3. The fifteenth clause of the Charter, upon which the appellant relies, says that an appeal shall lie from the judgment of any one Judge of the High Court. I think that word judgment means a judgment or decree which decides the case one way or the other in its entirety, and that it does not mean a decision or order of an interlocutory character, which merely decides some isolated point, not affecting the merits or result of the entire suit.

4. I entirely agree with the authorities, which have been cited to show that an appeal will lie from an order for the rejection of a plaint or the admission of a suit, because those are rulings which determine whether the plaintiff has or has not a right to sue at all in the particular case. But if the appellant is right, we might have three or four appeals, all pending in one cause at the same time, and all proceeding contemporaneously with the trial of the suit in the Court below. Thus, upon the settlement of issues, if the Judge were to refuse the plaintiff an issue upon the ground that a part of his claim was untenable, and he were also to refuse the defendant another issue, upon the ground that a deed, which the defendant wished to set up, was bad in law, and upon the trial of the cause the Judge were to decide one issue in favour of the plaintiff and then adjourn the trial to a future day; each of those decisions, if the appellant is right, might be made separate subjects of appeal to this Court, and might be proceeding on appeal at the same time that the trial in the Court below as to the rest of the case was going on.
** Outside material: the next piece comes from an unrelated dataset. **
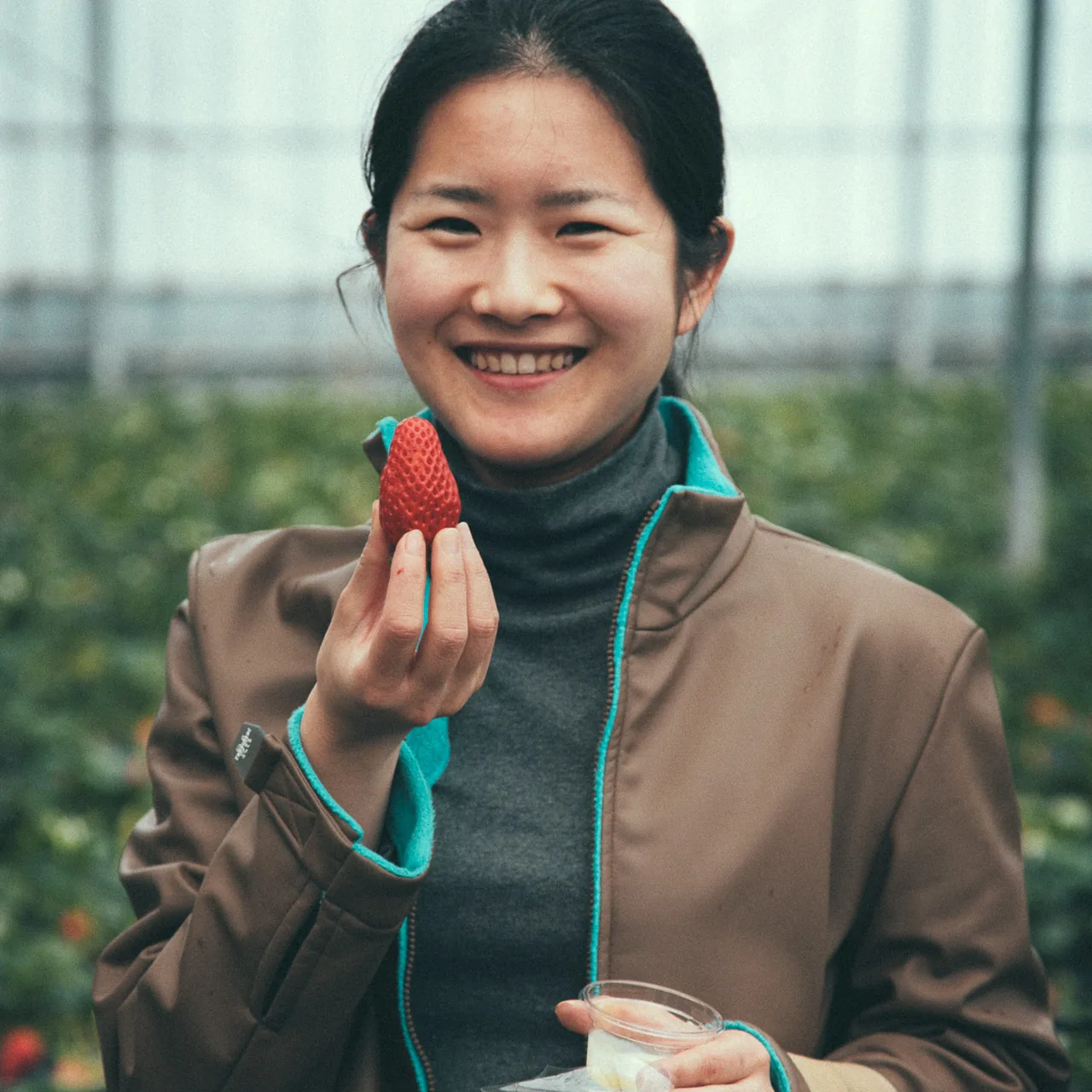 Smiling with a strawberry in hand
5. I purposely do not enter into the question as to how far such partial appeals would he admissible in the mofussil; but, undoubtedly, if they were so, they would be attended with much more mischief and inconvenience than they would be in the High Court. I think that this appeal should be dismissed upon the ground that the Judge's decision is not a judgment within the meaning of Section 15 of the Charter.

Markby, J.

6. There is some difficulty in reconciling the decisions upon the Letters Patent, but I am inclined to think now that, whereas in this case the decision is of such a nature that it can clearly be questioned in appeal at some time or other, the matter is more one of convenience and procedure than of strict law. I should have been inclined to think that in this particular case the appeal might be conveniently heard now, but as the Chief Justice thinks that it cannot be heard until the other issues are decided in the Court below, I shall not differ.